Thirty years ago, some 240,000 Frenchmen, plus large numbers of Poles and Italians, labored in the sweltering pits where temperatures grow hotter the deeper you go. But with the decline of coal as a main energy source in the face of cheaper imported oil as well as increasingly inaccessible yields, the once giant mining companies found it unprofitable to continue. Through progressive closures over the past 15 years, barely 27,000 miners still work the shafts today.

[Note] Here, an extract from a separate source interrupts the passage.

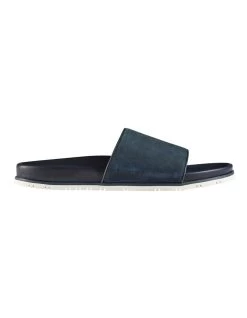 Bronte Nubuck Pool Slides In Navy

Some miners fervently hope for a "coal revival" that will somehow return the region to its former glory. "There is still a lot of good coal down there," a rugged veteran told me in a working-class cafe here. But the government feels that even with higher oil prices and new extraction methods, little new employment could be created. By 1987 at the latest, the remaining mining operations are expected to close down completely.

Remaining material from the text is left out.